Review: Lost in Transition: The Dark Side of Emerging Adulthood
"If we were Old Testament prophets, we might say that all nations reap what they sow, that what we have seen of emerging adult life warns us that America is reaping the fruit of having worshipped the idol of individualistic autonomy, and that since this idol is nothing more than the making of our human hands, and not the true God, it has failed us, is failing us, and will fail us for as long as we worship it . … But we are not religious prophets. We are mere sociologists. So we claim no such thing."

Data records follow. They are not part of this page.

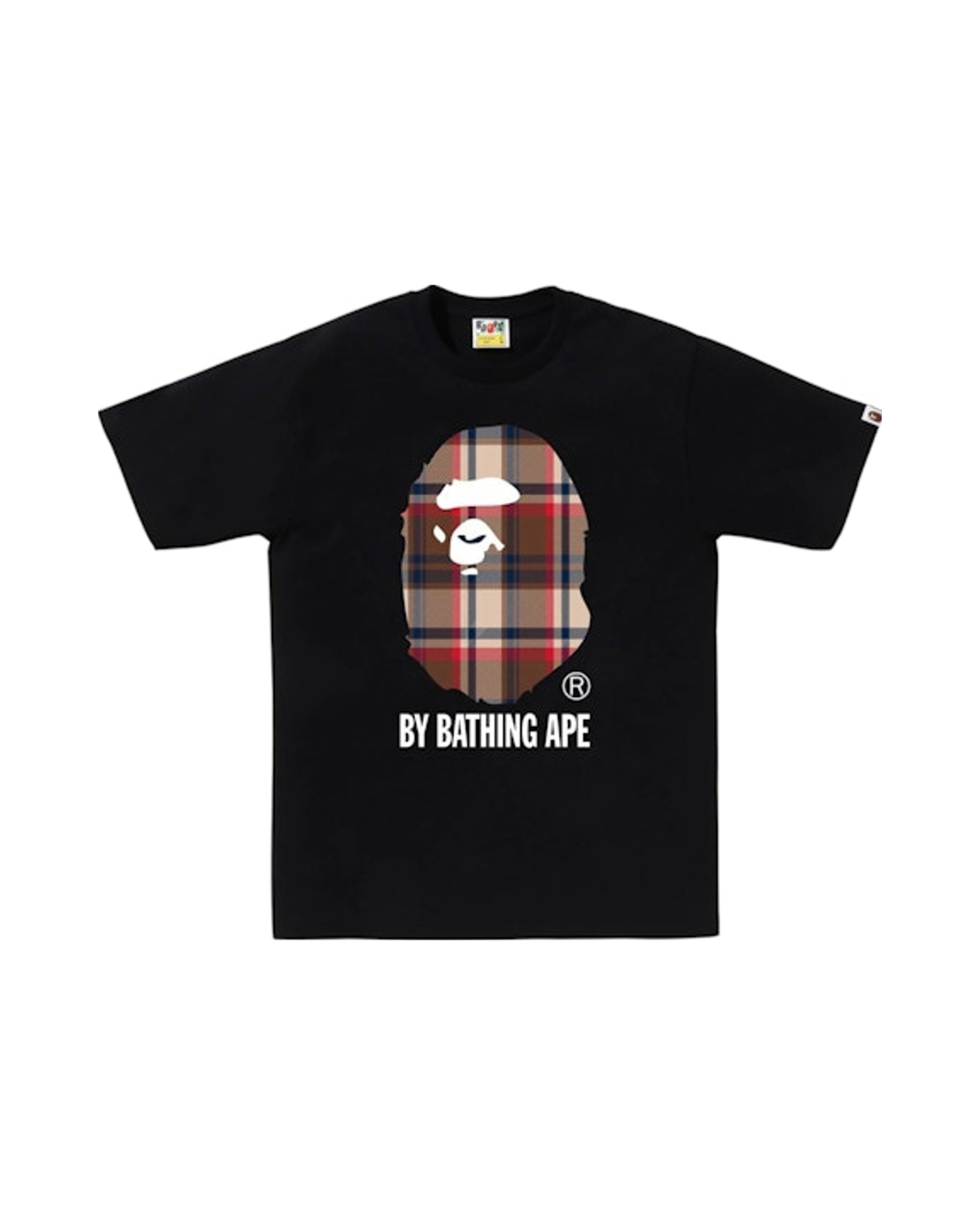 BAPE Check By Bathing Ape Tee (FW25) Black/Red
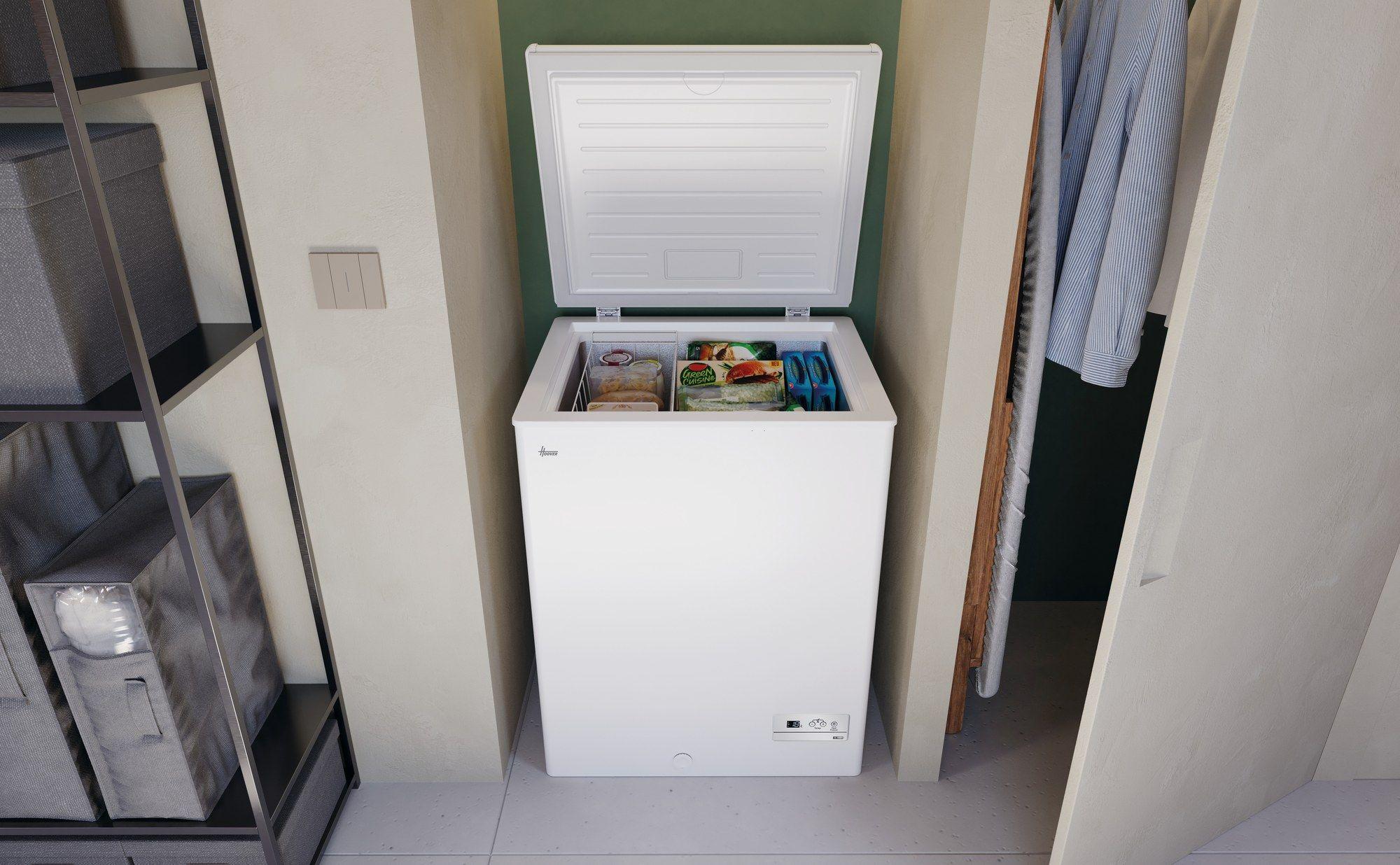 Arca Horizontal Independente HOOVER HOCH145EE (Altura 84,5 cm - 85 cm - 70 cm - Branco) — miniatura 7
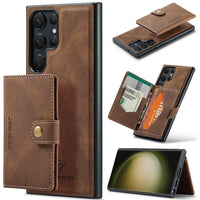 Magnetic Leather Wallet Card Solt Case For Samsung Galaxy S23 Ultra Plus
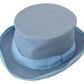 Elegant Light Blue Top Hat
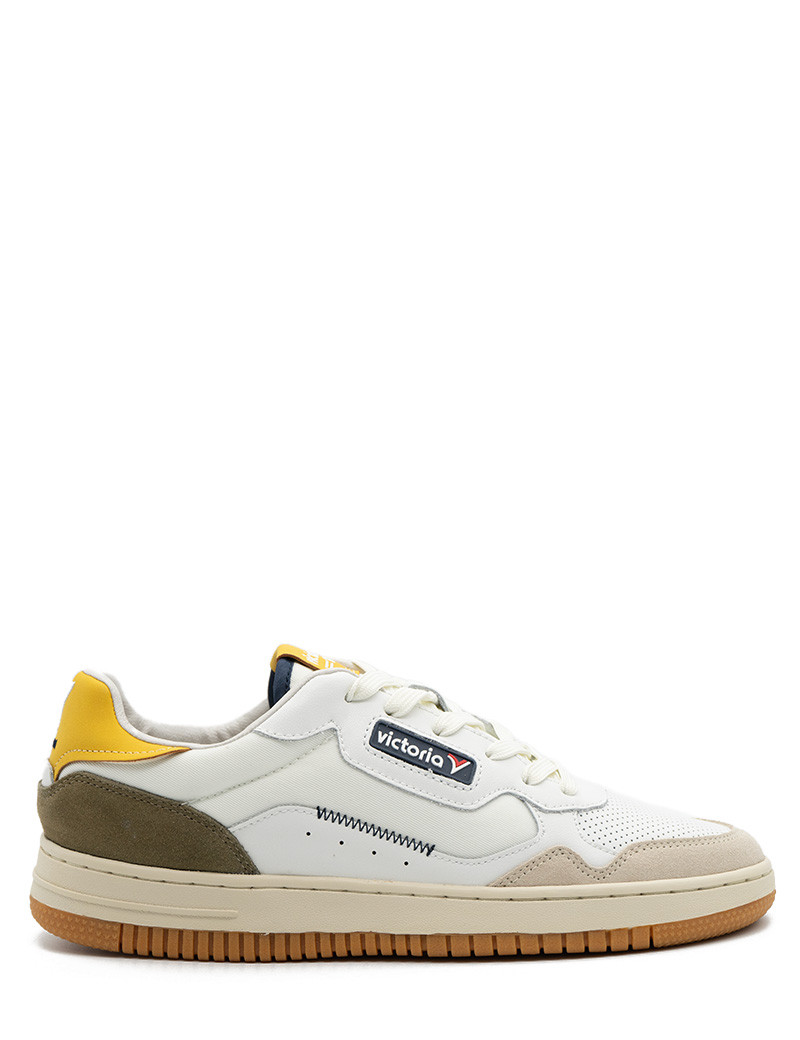 VICTORIA BASKETS HOMME RETRO MOUTARDE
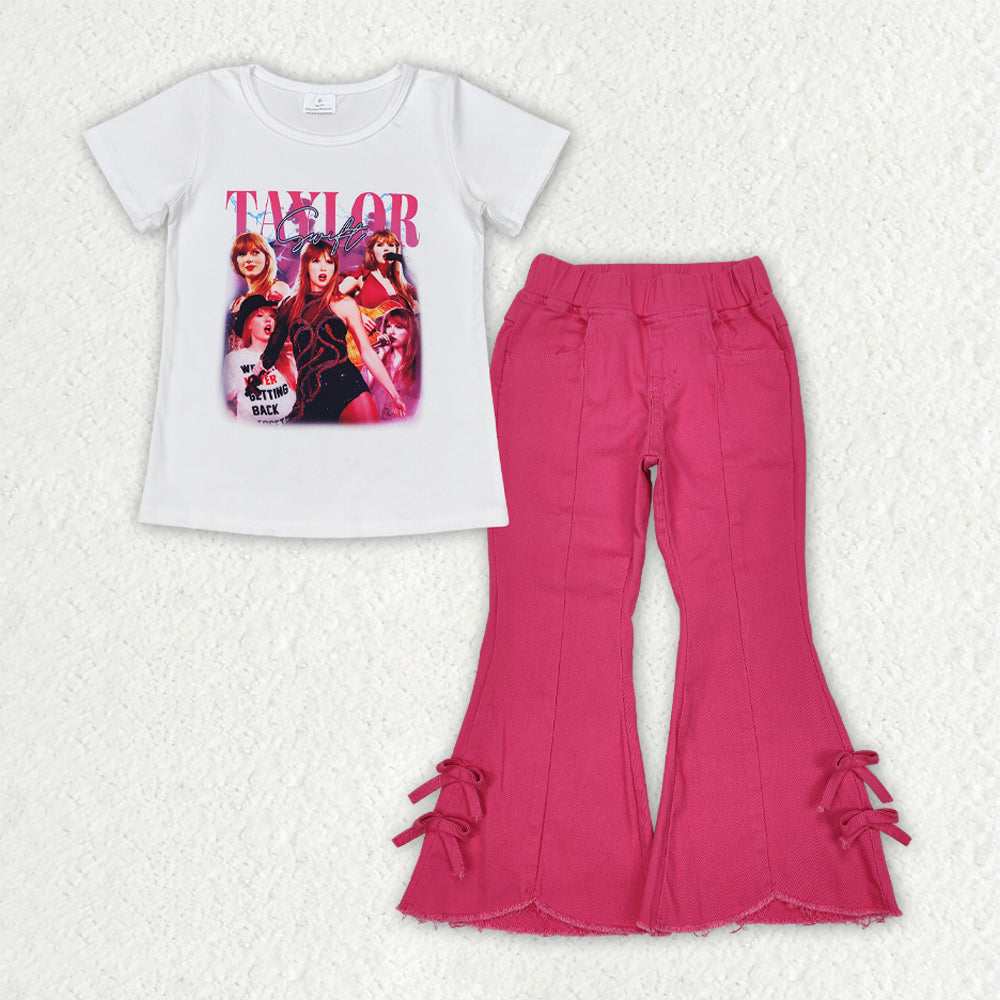 kids t-shirt denim pants set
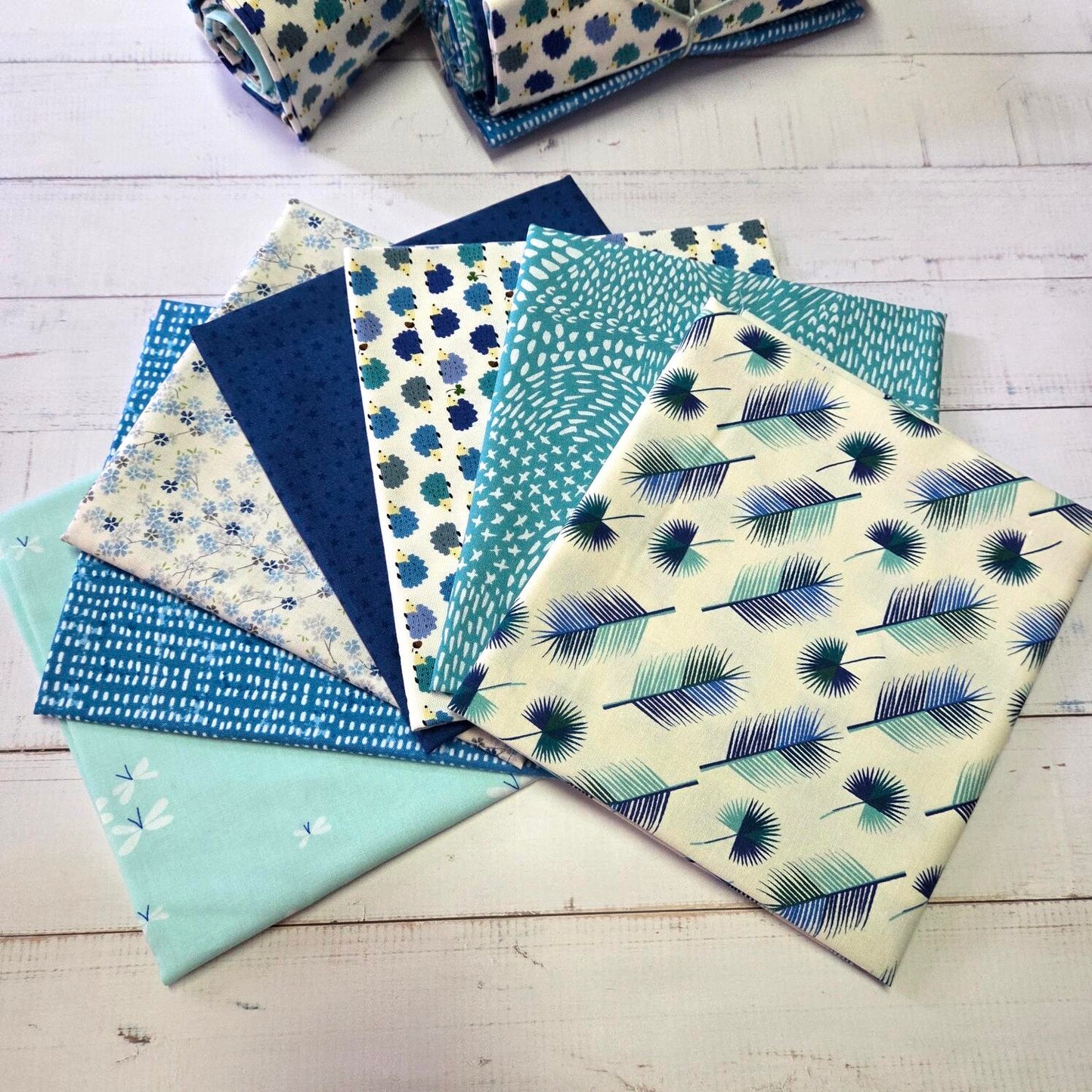 Fatquarter Set - Igel blue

These words appear at the end of Lost in Transition: The Dark Side of Emerging Adulthood (Oxford University Press, 2011), in which Christian Smith and three of his fellow sociologists (Kari Christoffersen, Hilary Davidson, and Patricia Snell Herzog) discuss the plight of America's 18- to 23-year-olds. Having conducted extensive interviews with a scientific sampling of 230 of these "emerging adults," Smith and his colleagues summarize their findings, including:
Emerging adults overwhelmingly have little to no concept of morality. The sexual revolution has evolved so that "hooking up" "carries almost no connotation of audacity, daring, or wildness." Intoxication with alcohol and drugs is "routine"; only 14 percent of 19-year-olds have never been drunk. Materialism is dominant; almost none of those surveyed had any concept of life beyond material consumption, family, and friends. Only 4 percent of emerging adults are genuinely involved in political life.The authors say the dominant American culture largely caused these problems, leading to the fact that emerging adults simply have not been well-trained. Lost in Transition is hesitant to prescribe remedies, though it does say that families and religious communities could do much to combat these problems. But ultimately, Smith argues, the dominant American vision of the good life must be something greater than material prosperity. We need the transcendent.